US 11,057,634 B2
Content adaptive optimization for neural data compression
Christopher Schroers, Zürich (CH); Simon Meierhans, Zürich (CH); Joaquim Campos, St. Sulpice (CH); Jared McPhillen, Glendale, CA (US); Abdelaziz Djelouah, Zürich (CH); Erika Varis Doggett, Los Angeles, CA (US); Scott Labrozzi, Cary, NC (US); and Yuanyi Xue, Kensington, CA (US)
Assigned to Disney Enterprises, Inc., Burbank, CA (US)
Filed by Disney Enterprises, Inc., Burbank, CA (US)
Filed on May 15, 2019, as Appl. No. 16/413,414.
Prior Publication US 2020/0366914 A1, Nov. 19, 2020
Int. Cl. H04N 19/42 (2014.01); G06N 3/02 (2006.01); H04N 19/186 (2014.01); H04N 19/513 (2014.01); G06N 7/00 (2006.01)

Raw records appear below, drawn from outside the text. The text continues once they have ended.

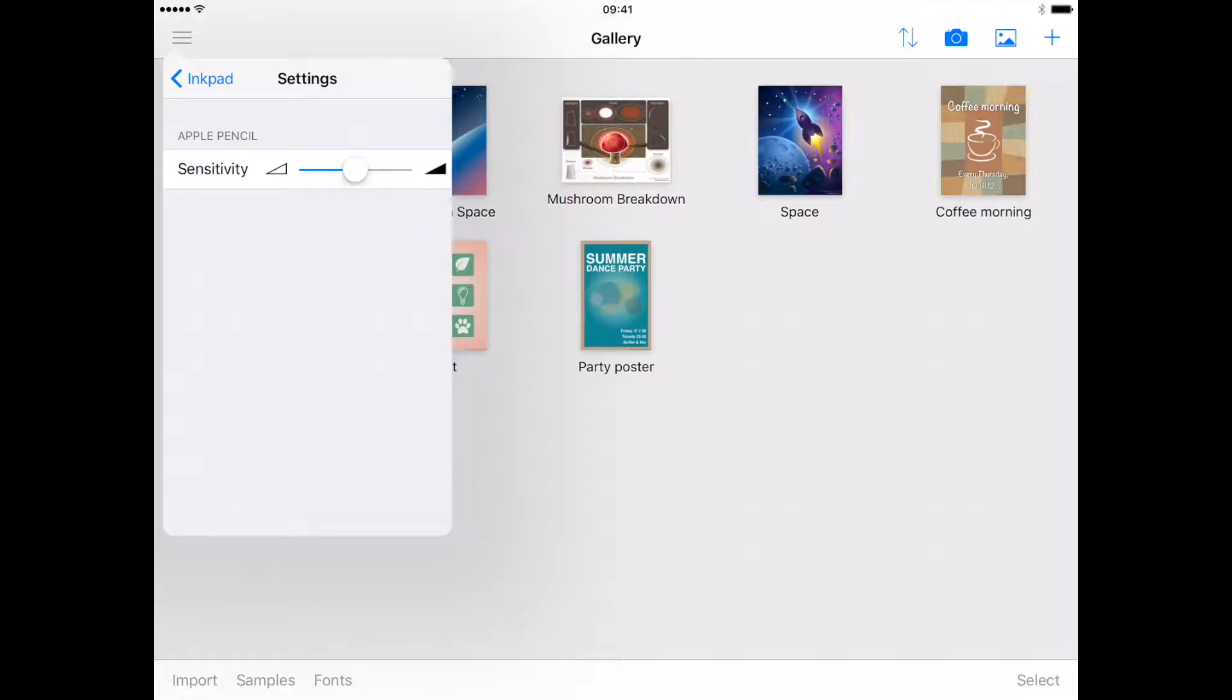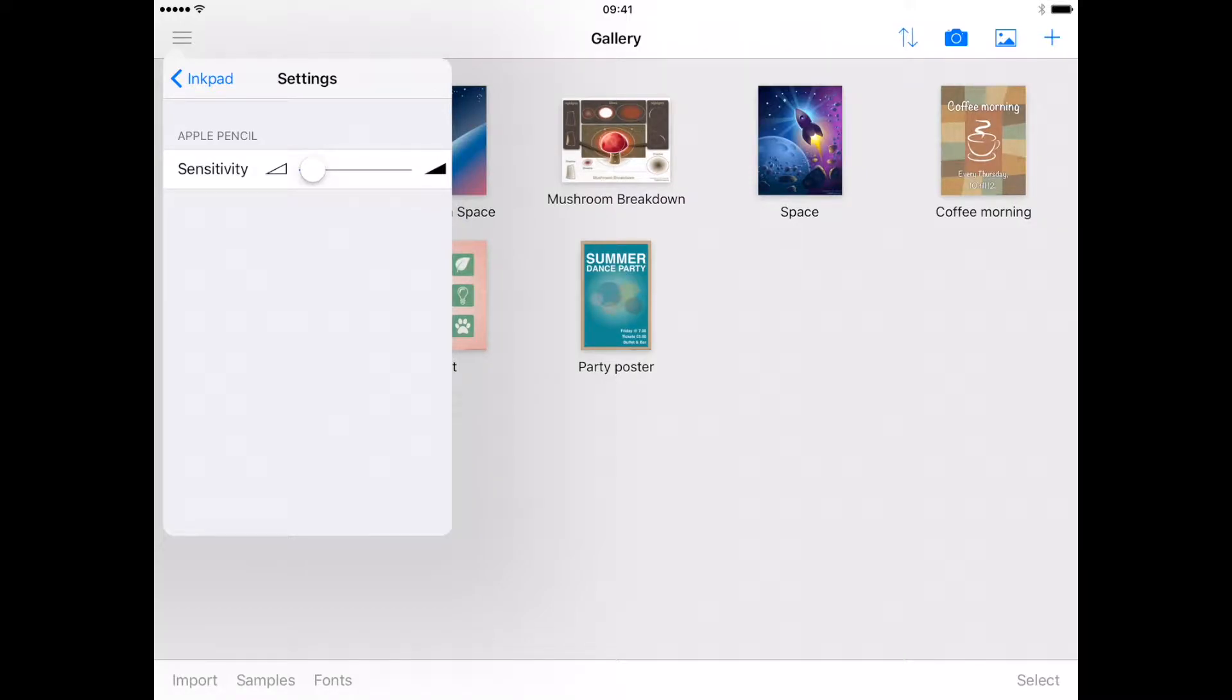However, if you still find the pencil too sensitive, possibly experienced when editing nodes or with objects being nudged when you select them, you can move the slider to the left to decrease the sensitivity of the pencil.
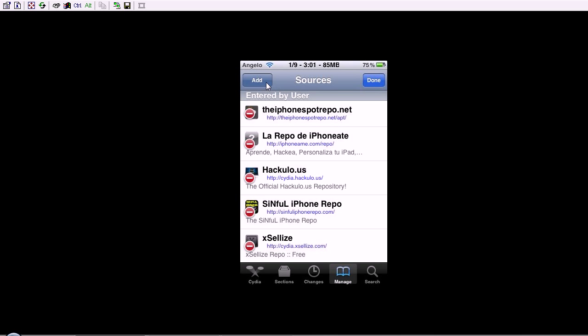and you're going to want to type in HTTP colon forward slash forward slash simple iPhone repo dot com forward slash. I'll put it in the description for you.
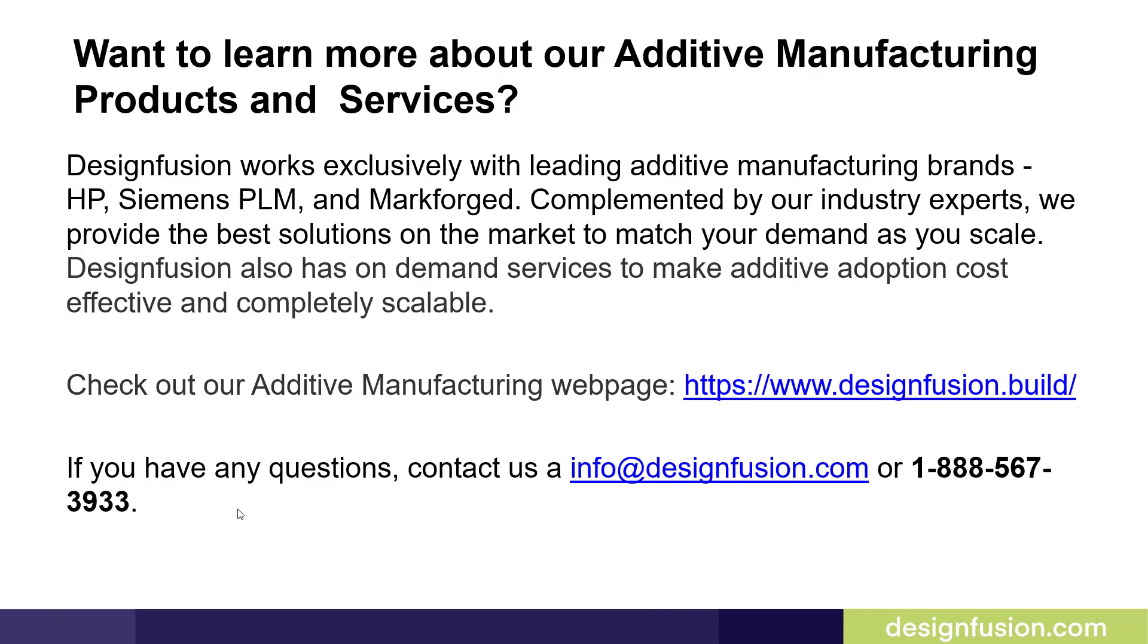If you have any questions, contact us at info at designfusion.com or 1-888-567-3933. Hope you enjoyed this blog and thank you for watching.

CPC H04N 19/42 (2014.11) [G06N 3/02 (2013.01); G06N 7/005 (2013.01); H04N 19/186 (2014.11); H04N 19/513 (2014.11)] 20 Claims
OG exemplary drawing
 
1. A data processing system comprising:
a computing platform including a hardware processor and a system memory storing a data compression software code, a trained neural encoder and a trained neural decoder, wherein the trained neural encoder and the trained neural decoder each includes parameters of a latent space probability model determined during training using a neural network;
the hardware processor configured to execute the data compression software code to:
receive a plurality of compression input data;
encode, using the trained neural encoder, a first compression input data of the plurality of compression input data to a latent space representation of the first compression input data;
decode, using the trained neural decoder, the latent space representation of the first compression input data to produce an input space representation of the first compression input data corresponding to the latent space representation of the first compression input data;
generate, using additive noise, first compression input data refined latent values based on a comparison of the first compression input data with the input space representation;
re-encode, using the trained neural encoder, the first compression input data using the first compression input data refined latent values to produce a first compressed data corresponding to the first compression input data; and
transmit the first compressed data to a remote trained neural decoder having the parameters of the latent space probability model;
wherein encoding, decoding and generating the first compression input data refined latent values do not change any of the parameters of the latent space probability model of each of the trained neural encoder and the trained neural decoder, thereby not requiring any change to any parameter of the latent space probability model of the remote trained neural decoder.